Entering week two of the Samuel “Joe” Joseph Martinez trial, prosecutor Paula Waldman called a total of five witnesses to the stand Tuesday. Martinez is standing trial on counts of torture and assault with force likely to cause great bodily harm, for the 2006 beating of a local transient woman named Laurel Riley. While defense attorney Joe Allen had few questions for the witnesses, much was covered in Judge Frank Ochoa’s courtroom on Tuesday. Witnesses on the stand included police officers, paramedics, and detectives who were on the scene back in July 2006, as well as crime scene investigators and criminalists who were involved in the case off-site.

Sgt. Marty Ensign, who has been with the Santa Barbara Police Department for more than 24 years, was first to take the stand. One of the first to arrive on the scene, Ensign stated that, surprisingly, there were no other reported assaults at the Louis Lowry Davis Center during 2006-2007, making this case rather rare. David Anduri, another officer and crime scene investigator with the SBPD, echoed this statement. He also testified that when he came upon the scene, he found the victim lying in a 4-5 foot puddle of blood.

Next to the stand was Johan Nilsson, who now is employed with the Carpinteria Fire Department, but was working as an assistant paramedic at the time of the incident. With his partner Justin Dunkin (who was not called to testify), Nilsson took the victim to the hospital that morning, saying he remembers her being unresponsive, but conscious. He also remarked that the call — and situation — were marked urgent; Nilsson and Dunkin got the victim to Cottage Hospital within 10 minutes of arriving on the scene.

After the on-scene officers testified, crime scene investigator Mike Ullemeyer and senior criminalist Dianne Burns were called to the stand.

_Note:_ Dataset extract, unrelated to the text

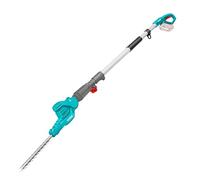 TOTAL Tagliasiepi telescopico a batteria, Batteria 20V a lunga durata, Leggero, comodo da usare Testa girevole e barra estensibile, Taglio preciso Lame da 460 mm, Grande portata 2,4 m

Ullemeyer was responsible for analyzing the bloody shoe prints found at the scene, and concluded that, of the eight prints found, the six with enough detail to be analyzed all matched. The shoe in question was found to be a Route 66 hiking boot from Payless, a style that was not worn by any of the detectives, officers, paramedics, or other witnesses at the scene. Since the shoes worn by Martinez at the time of the incident were not found, it remained undetermined whether or not the prints at the scene matched the shoes he was wearing.

Dianne Burns, employed by the California Department of Justice, was brought in to examine the biological evidence from the scene, namely the forensics of blood splatters and other bodily fluids. By analyzing the ellipses of blood spots found at the crime scene, Burns was able to use mathematical equations to reconstruct the angle from which blood left the victim, allowing her to know what height and possible position the victim was in while being hit. She concluded that there were three possible positions that the victim could have been in — kneeling, sitting, or doubled over — all of which would mean that Riley was struck while in a disabled state.

Last to testify was SBPD Det. Chad Hunt, the officer to find and question — and eventually arrest — Martinez a year later. While Hunt arrived at the scene over six hours after paramedics had taken the victim away, his main focus was not on the evidence at the scene, but on finding Riley’s attacker. Another officer told Hunt to check out Samuel Martinez as an alternate subject — after brother Benjamin Martinez was dismissed for lack of connecting evidence — and Hunt interviewed him in September, 2006, but got little information. Soon after, Martinez’s sister, Stephanie Mendoza, contacted Officer Hunt to tell him that her brother had voluntarily divulged details of the crime to her, just days prior. After arranging with the police, Mendoza proceeded with three different wired conversations with her brother, which were heard as evidence last week in court.

The jury began deliberations Thursday afternoon after hearing closing arguments earlier that day. Martinez himself did not testify.